Style-Aware Blending and Prototype-Based Cross-Contrast Consistency for Semi-Supervised Medical Image Segmentation

TL;DR

The paper tackles semi-supervised medical image segmentation by addressing distribution mismatch and underutilized supervision between labeled and unlabeled data. It introduces a two-component framework: style-guided distribution blending to align domain statistics between labeled and unlabeled images, and a prototype-based cross-contrast mechanism that uses confidence-guided prototypes and a memory bank to enable bidirectional weak-strong supervision. The method integrates these modules into a Mean Teacher framework with a labeled branch trained on style-blended data and an unlabeled branch optimized with both pixel-wise consistency and cross-view prototype contrast, achieving state-of-the-art results on Synapse and ACDC under 5% and 10% labeling with extensive ablations validating each component. This work advances semi-supervised medical image segmentation by improving distribution alignment and exploiting richer supervisory signals, offering practical benefits for annotation-efficient clinical pipelines.

Abstract

Weak-strong consistency learning strategies are widely employed in semi-supervised medical image segmentation to train models by leveraging limited labeled data and enforcing weak-to-strong consistency. However, existing methods primarily focus on designing and combining various perturbation schemes, overlooking the inherent potential and limitations within the framework itself. In this paper, we first identify two critical deficiencies: (1) separated training data streams, which lead to confirmation bias dominated by the labeled stream; and (2) incomplete utilization of supervisory information, which limits exploration of strong-to-weak consistency. To tackle these challenges, we propose a style-aware blending and prototype-based cross-contrast consistency learning framework. Specifically, inspired by the empirical observation that the distribution mismatch between labeled and unlabeled data can be characterized by statistical moments, we design a style-guided distribution blending module to break the independent training data streams.
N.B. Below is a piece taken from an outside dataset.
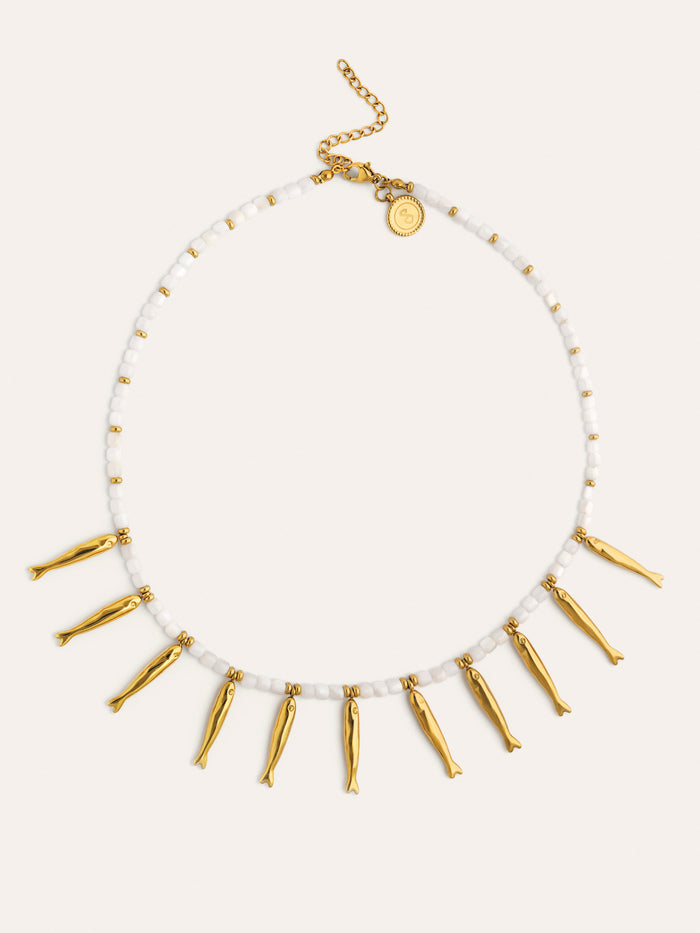 Collar Costa Acero Baño Oro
Meanwhile, considering the potential noise in strong pseudo-labels, we introduce a prototype-based cross-contrast strategy to encourage the model to learn informative supervisory signals from both weak-to-strong and strong-to-weak predictions, while mitigating the adverse effects of noise. Experimental results demonstrate the effectiveness and superiority of our framework across multiple medical segmentation benchmarks under various semi-supervised settings.

Paper Structure

This paper contains 13 sections, 10 equations, 3 figures, 4 tables.

Figures (3)

  • Figure 1: (a)–(b) show the previous (e.g., UA-MT yu2019uncertainty) and proposed architectures, and (c)–(d) compare the first- and second-order moments of pixel intensities in the Synapse dataset landman2015miccai under different data splits (c) and across categories (d).
  • Figure 2: Illustration of our framework, comprising two main components: a style-guided distribution blending module (solid box) and a dual-branch architecture (dashed box) with labeled and unlabeled branches. The labeled branch is trained on style-blended labeled data, while the unlabeled branch enforces both pixel-wise weak-strong consistency and prototype-based cross-contrast consistency. Here, $X_m^l$ and $Y^l$ denote the style-blended labeled image and its corresponding label; $X^u$ and $Y^w$ represent the unlabeled image and its pseudo-label; $A_w$ and $A_s$ indicate weak and strong augmentations, respectively.
  • Figure 3: Visual segmentation results of different methods on ACDC (top two rows) and Synapse (bottom two rows). Our method achieves a better balance between under-segmentation and over-segmentation.